**PROVIDED RECORDS:**
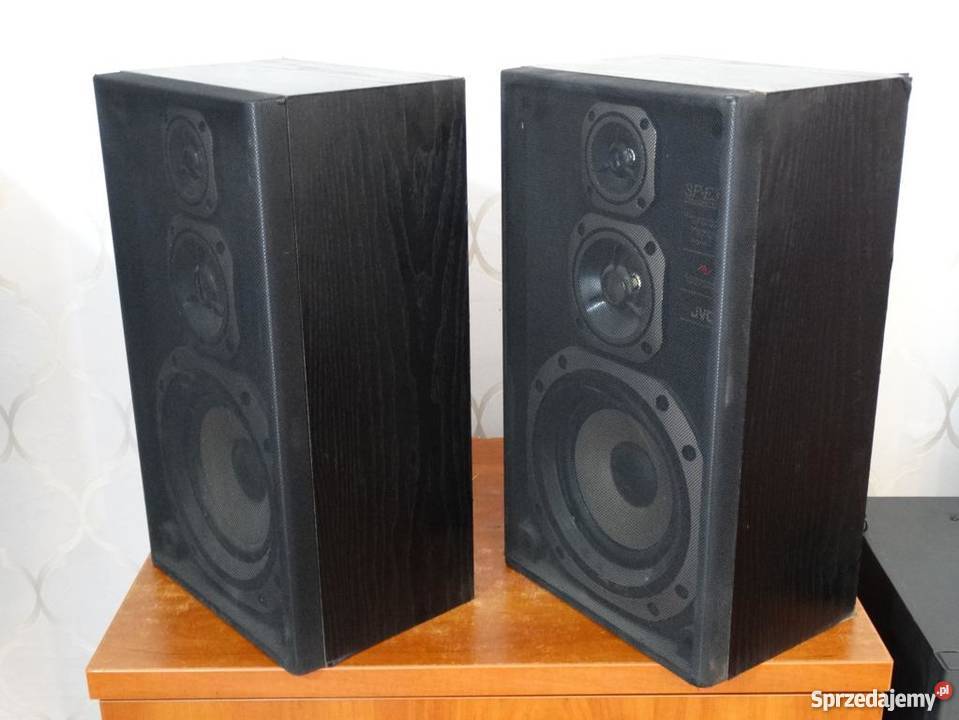 Kolumny JVC SPE300 Belgia 2 x 80 wat WYSYŁKA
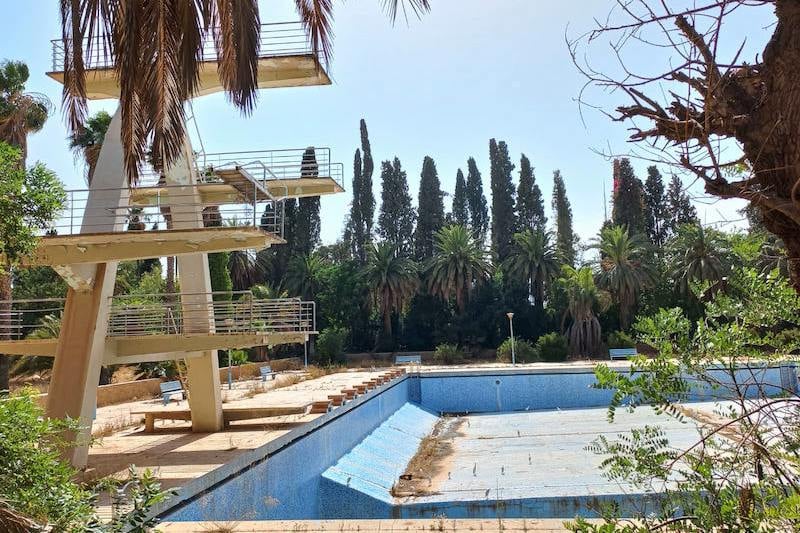 المسبح البلدي بوجدة: بلوكاج مجلس الجماعة ومستقبل غامض لسكان المدينة 1 IMG 20240712 WA0006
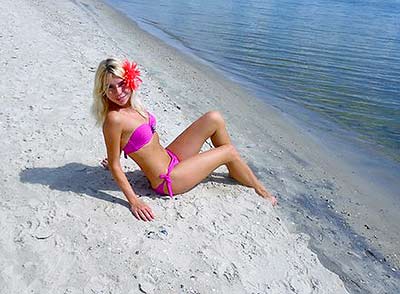 Ukraine bikini bride  Tat'yana 32 y.o. from Mariupol, ID 72169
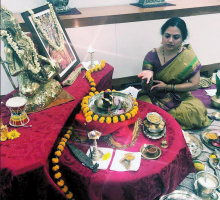 New Hindu Community Group Holds First Event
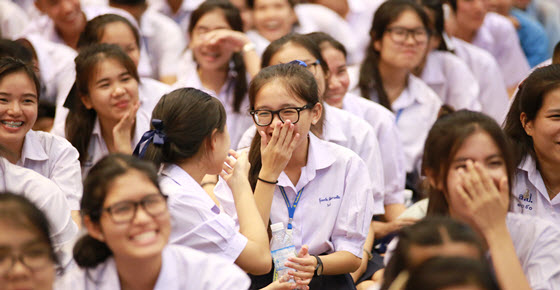 รวมภาพสุดฮา Dek-D's Admission On Tour (ร.ร.สมุทรปราการ) รวมภาพสุดฮา Dek-D's Admission On Tour (ร.ร.สมุทรปราการ)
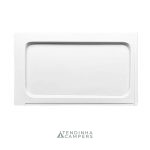 PAINEL EM ABS LATERAL TRASEIRO DIREITO L3 SPRINTER/CRAFTER BEGE 2006–2018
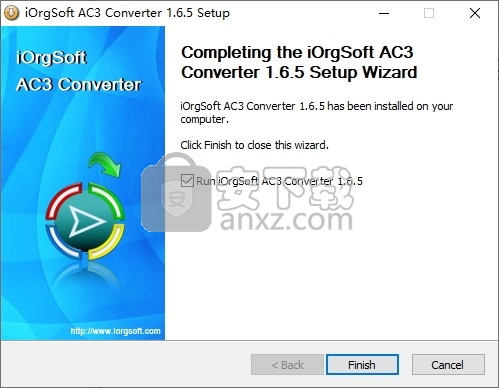 iOrgSoft AC3 Converter(AC3音频格式转换器)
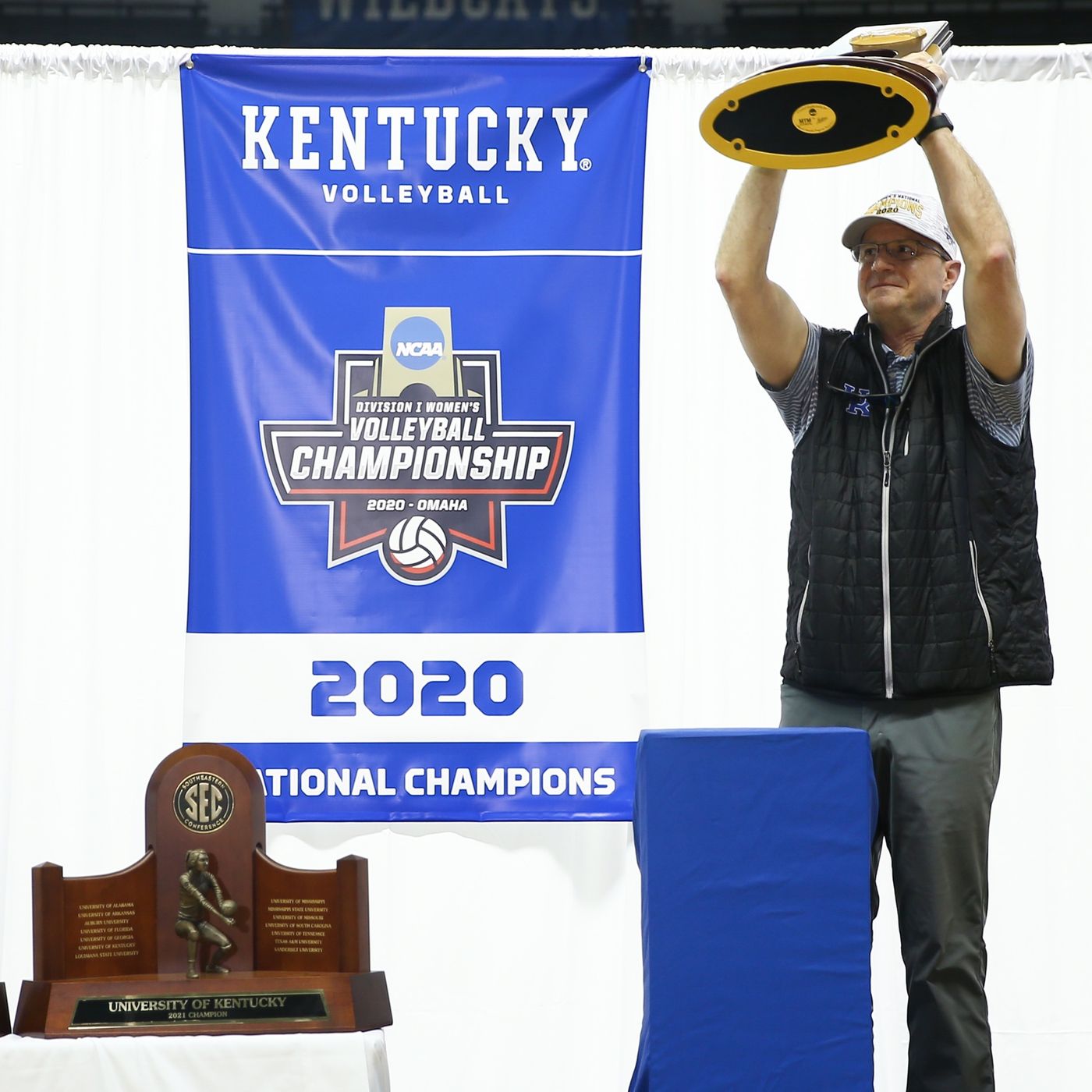 Craig Skinner on winning the National Championship, the growth of volleyball & mindfulness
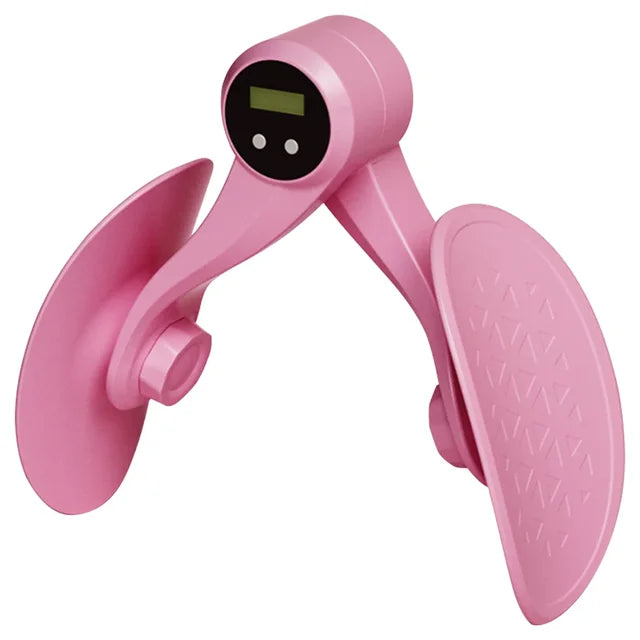 Yoga Leg Clamp Pelvic Floor Muscle Trainer Leg Inner Kegel Exercise Female Postpartum Repair Leg Beauty - V.I.P Digital Presence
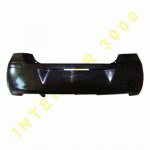 БРОНЯ ЗАДНА ЧЕРНА* TOYOTA YARIS 01/09-12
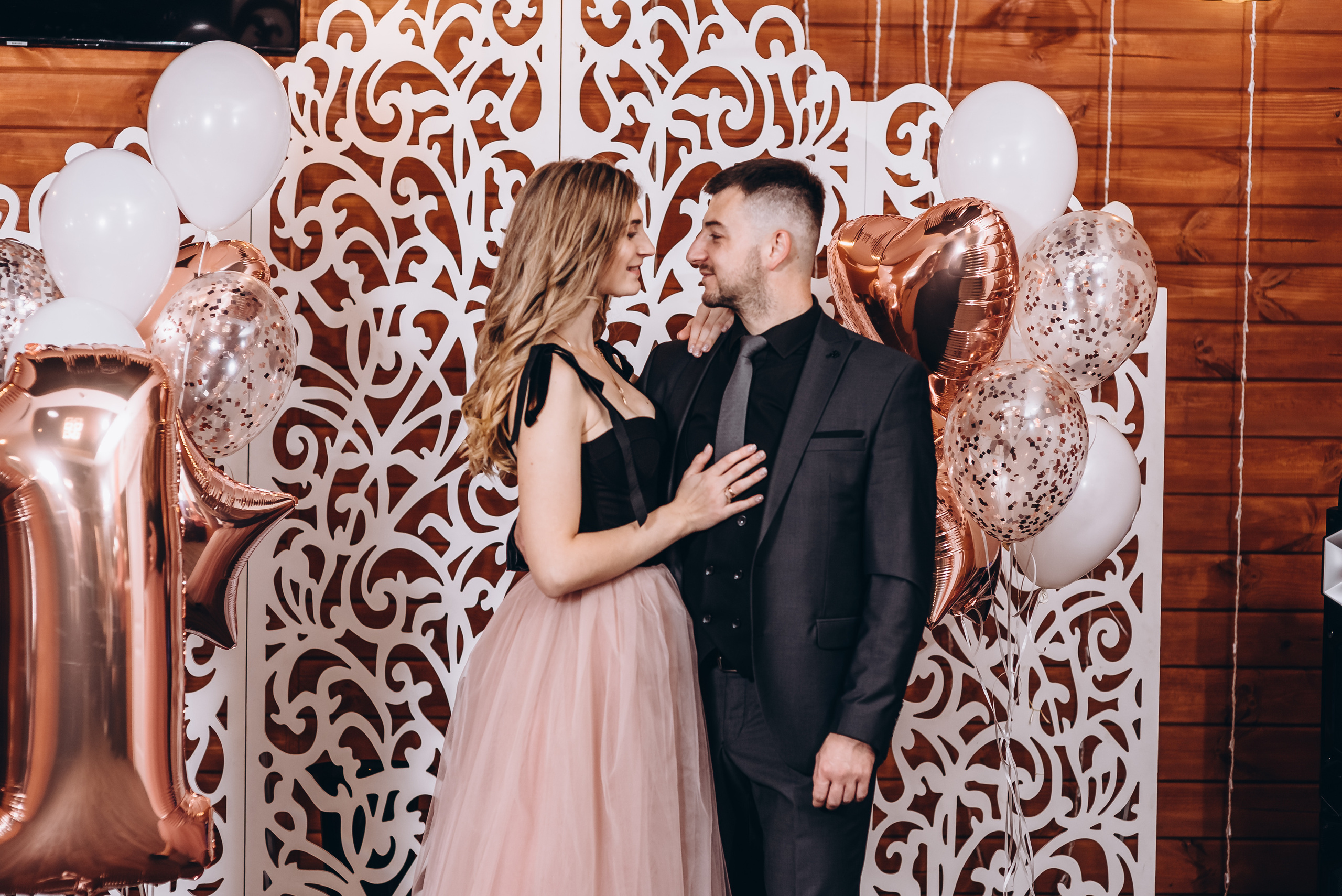 День народження. Весільний та сімейний фотограф Україна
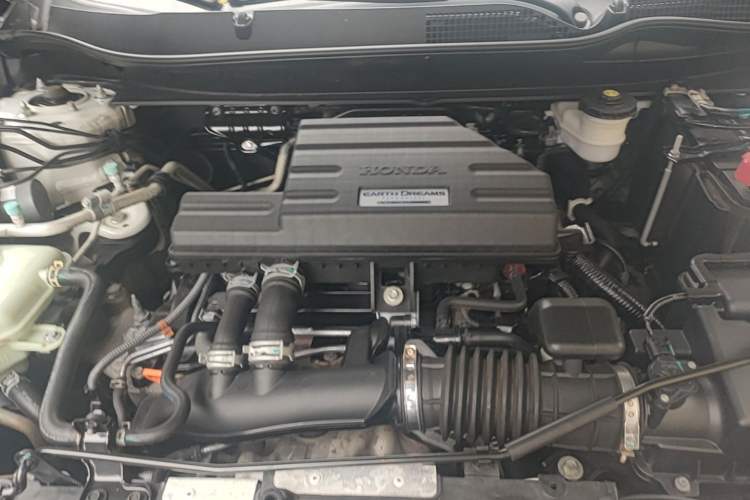 Used Honda CR-V 2021 240TURBO CVT 2WD Comfort Version Engine Bay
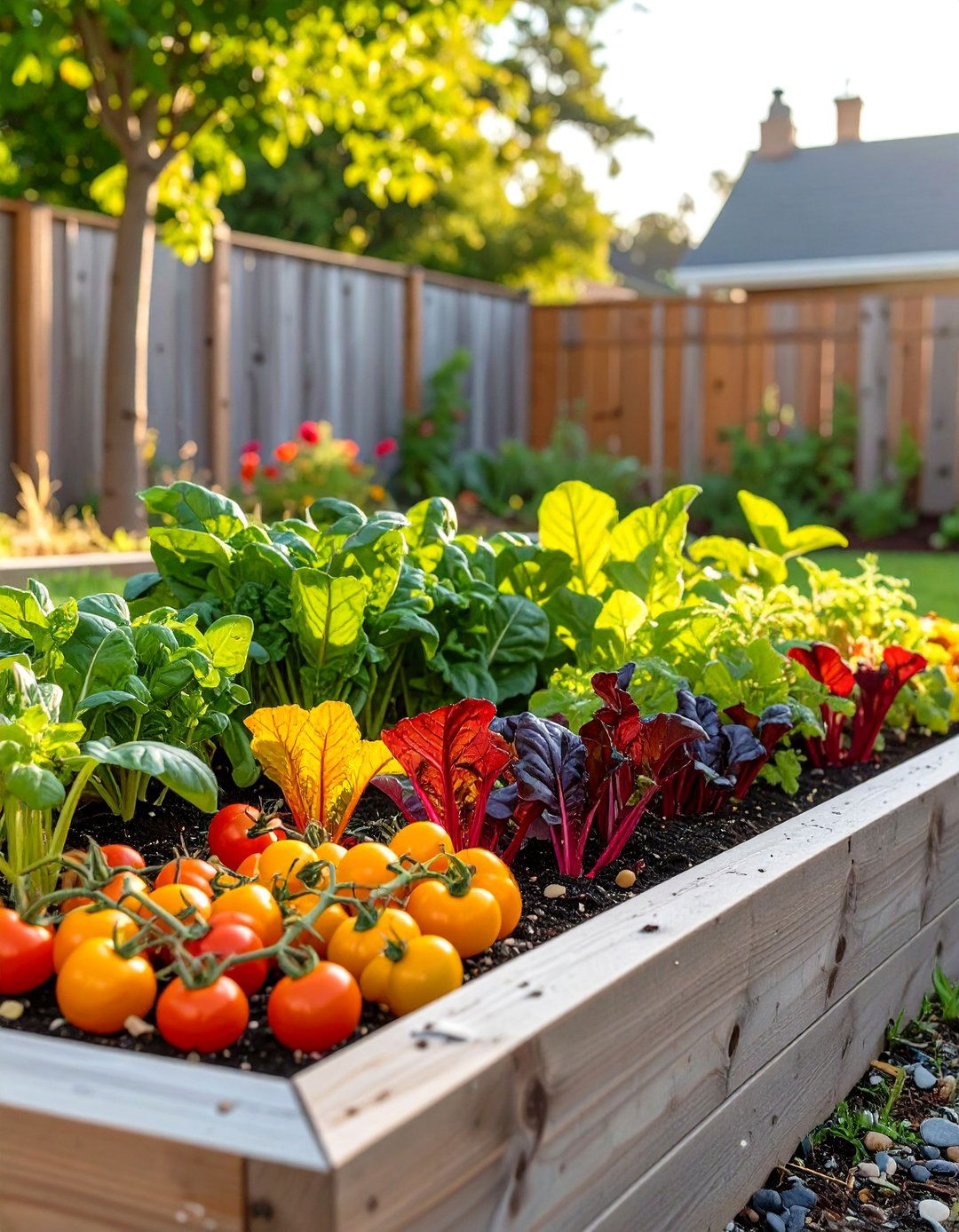 Edible Landscaping with Herbs and Vegetables - 30 small front yard ideas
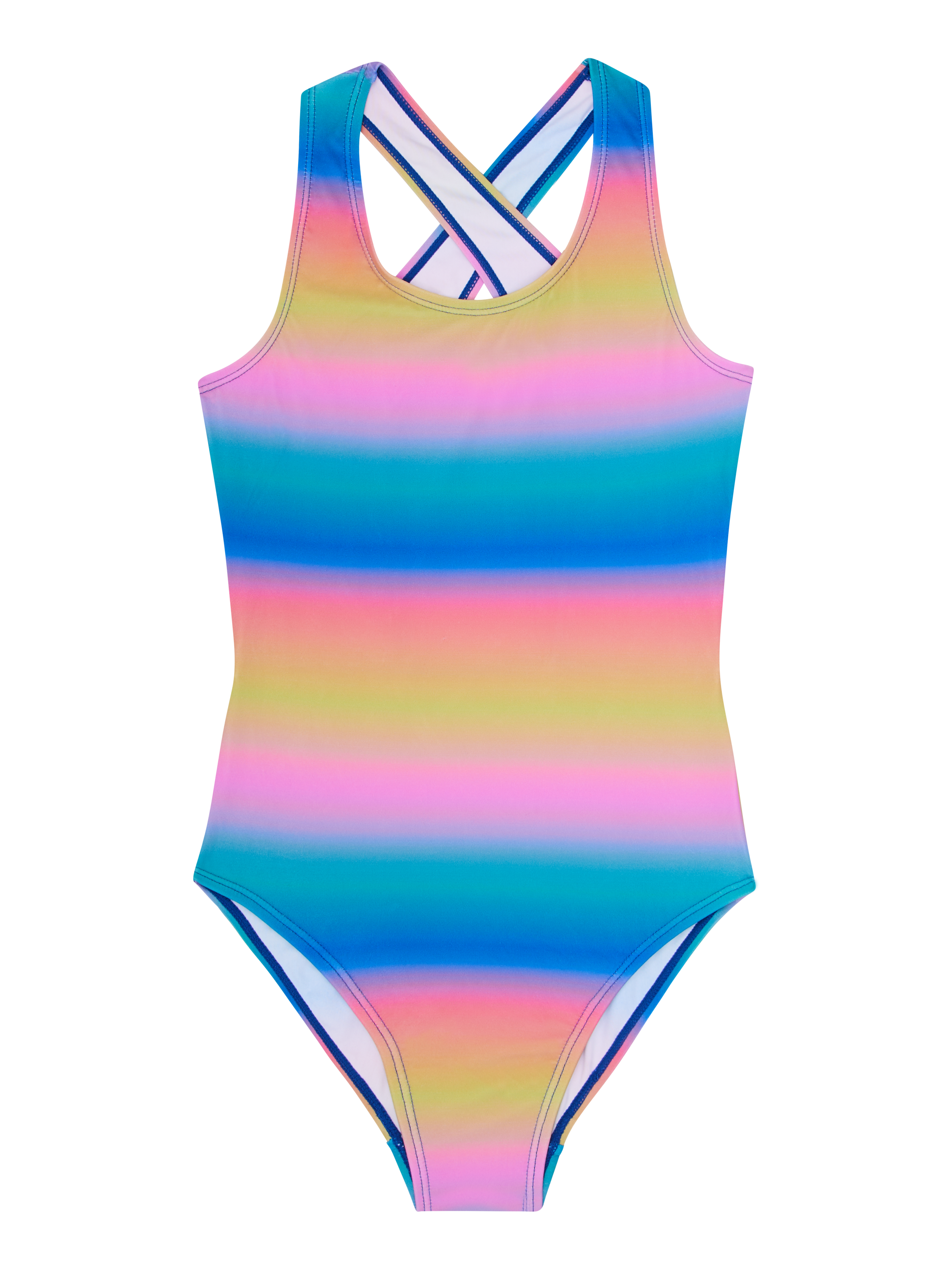 Protest Prtines Jr Swimsuit Girls - Pink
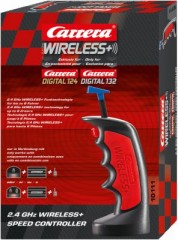 Carrera CARRERA DIGITAL 124\/132 10111 Wireless Plus Speed Controller CARRERA DIGITAL 124/132 10111 Беспроводной регулятор скорости плюс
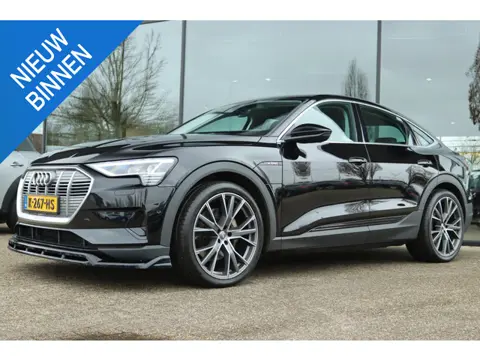 AUDI E-TRON SPORTBACK 55 QUATTRO EDITION 95 KWH | SOH 90% | VIRT. COCKPIT | LED |  CRUISE | CLIMATE 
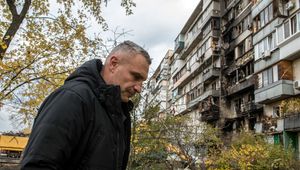 Dlaczego dzieci Kliczki nie walczą na froncie? Tak odpowiedział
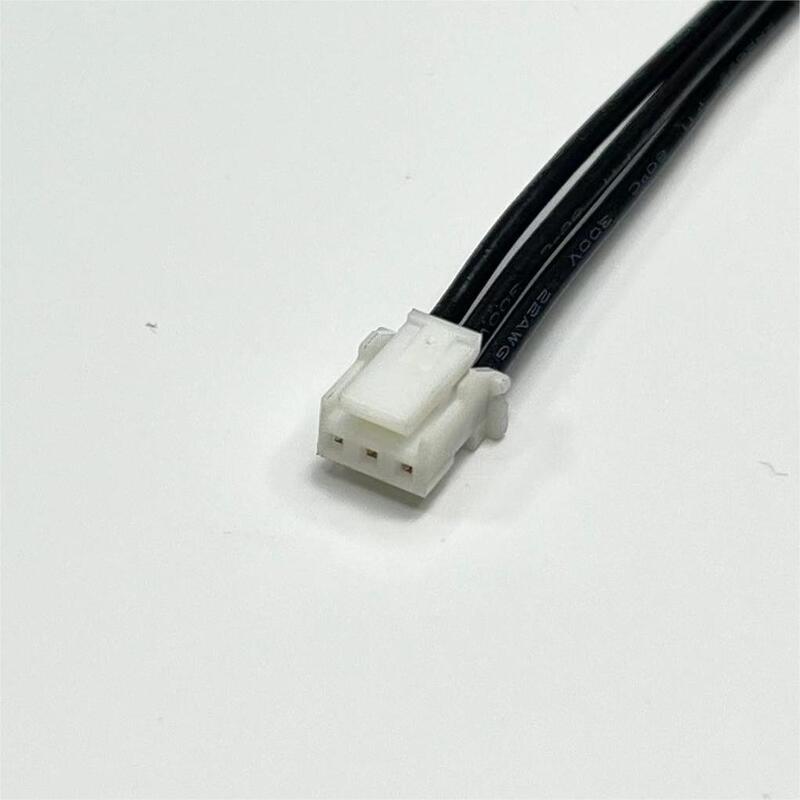 PAP-03V-S Wire harness, JST PAP 2.00mm Pitch OTS Cable,3P, Dual Ends Type A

**ACTIVITY:** The final stretch of the data, from the line with "Edible Landscaping with" through its last line, is to be retyped exactly; pictures are not part of the copy.

**RESULT OF THIS TASK:**
 Edible Landscaping with Herbs and Vegetables - 30 small front yard ideas
 Protest Prtines Jr Swimsuit Girls - Pink
 Carrera CARRERA DIGITAL 124\/132 10111 Wireless Plus Speed Controller CARRERA DIGITAL 124/132 10111 Беспроводной регулятор скорости плюс
 AUDI E-TRON SPORTBACK 55 QUATTRO EDITION 95 KWH | SOH 90% | VIRT. COCKPIT | LED |  CRUISE | CLIMATE 
 Dlaczego dzieci Kliczki nie walczą na froncie? Tak odpowiedział
 PAP-03V-S Wire harness, JST PAP 2.00mm Pitch OTS Cable,3P, Dual Ends Type A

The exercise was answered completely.